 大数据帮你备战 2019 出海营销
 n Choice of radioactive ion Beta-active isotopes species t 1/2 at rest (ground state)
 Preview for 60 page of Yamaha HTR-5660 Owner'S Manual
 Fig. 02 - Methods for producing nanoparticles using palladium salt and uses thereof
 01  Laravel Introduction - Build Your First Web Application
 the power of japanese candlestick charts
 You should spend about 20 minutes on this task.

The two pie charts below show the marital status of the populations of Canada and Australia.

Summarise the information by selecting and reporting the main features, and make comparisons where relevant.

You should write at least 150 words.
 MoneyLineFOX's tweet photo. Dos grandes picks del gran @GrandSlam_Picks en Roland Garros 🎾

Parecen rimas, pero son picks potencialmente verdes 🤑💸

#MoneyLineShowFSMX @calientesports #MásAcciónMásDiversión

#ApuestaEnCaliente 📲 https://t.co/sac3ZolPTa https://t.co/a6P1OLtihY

================

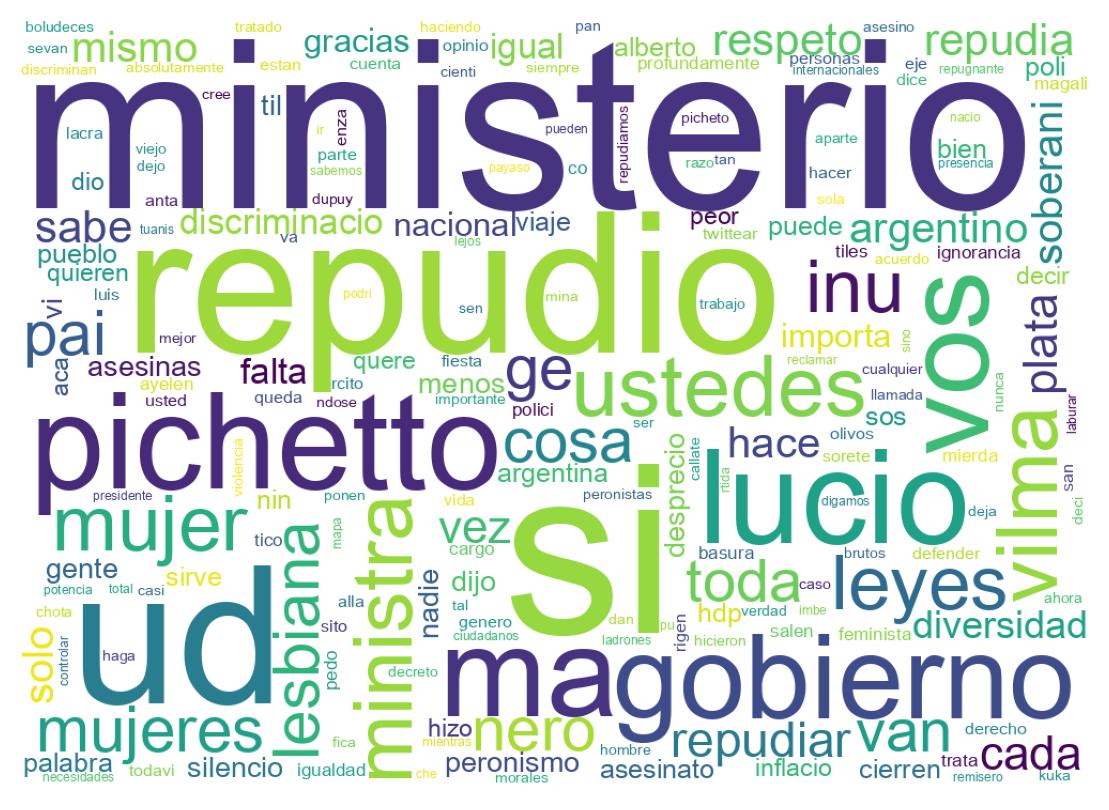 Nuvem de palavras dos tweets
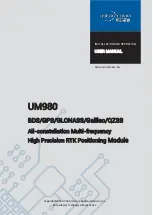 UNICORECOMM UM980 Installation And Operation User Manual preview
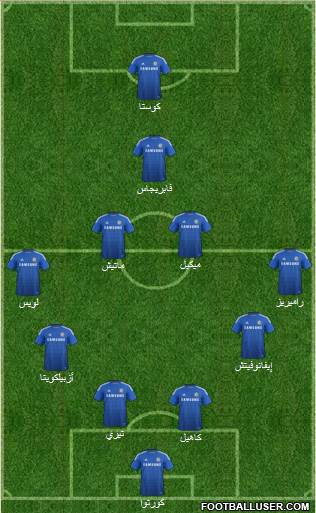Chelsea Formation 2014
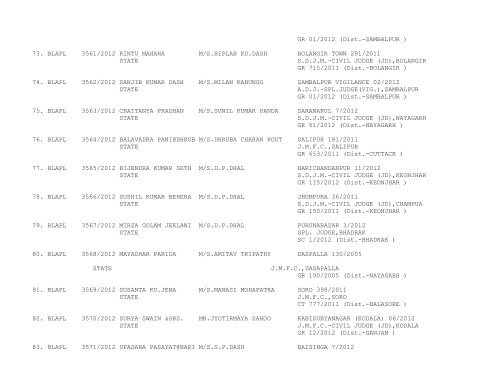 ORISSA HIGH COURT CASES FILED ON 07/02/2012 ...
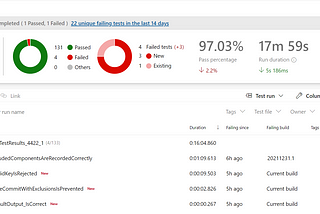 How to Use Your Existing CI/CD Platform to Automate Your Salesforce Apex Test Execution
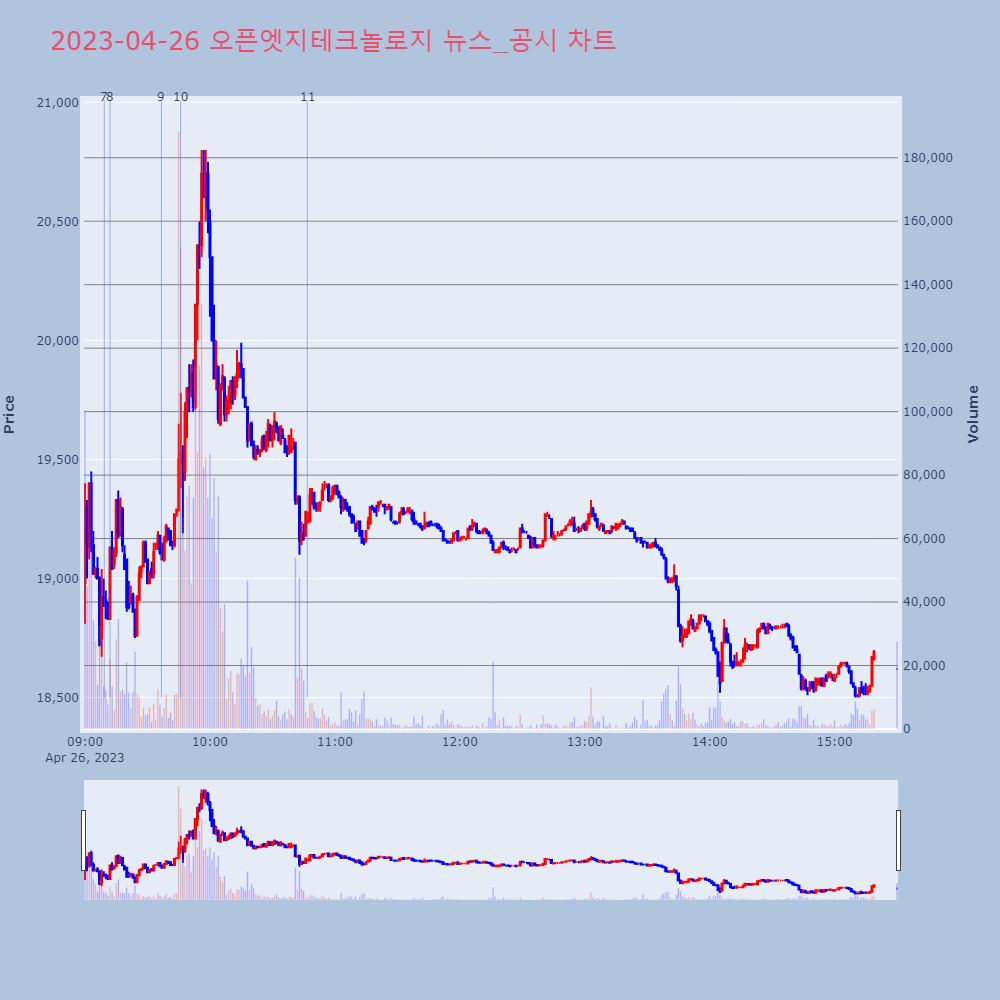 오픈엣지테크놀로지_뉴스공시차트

================

Brief ▸
Taking the entries above, write out exactly the lines starting with the line containing "The two pie" and going on through the line containing "#ApuestaEnCaliente 📲 https://t.co/sac3ZolPTa", both included, and nothing else.

Reply to the task ▸
The two pie charts below show the marital status of the populations of Canada and Australia.

Summarise the information by selecting and reporting the main features, and make comparisons where relevant.

You should write at least 150 words.
 MoneyLineFOX's tweet photo. Dos grandes picks del gran @GrandSlam_Picks en Roland Garros 🎾

Parecen rimas, pero son picks potencialmente verdes 🤑💸

#MoneyLineShowFSMX @calientesports #MásAcciónMásDiversión

#ApuestaEnCaliente 📲 https://t.co/sac3ZolPTa https://t.co/a6P1OLtihY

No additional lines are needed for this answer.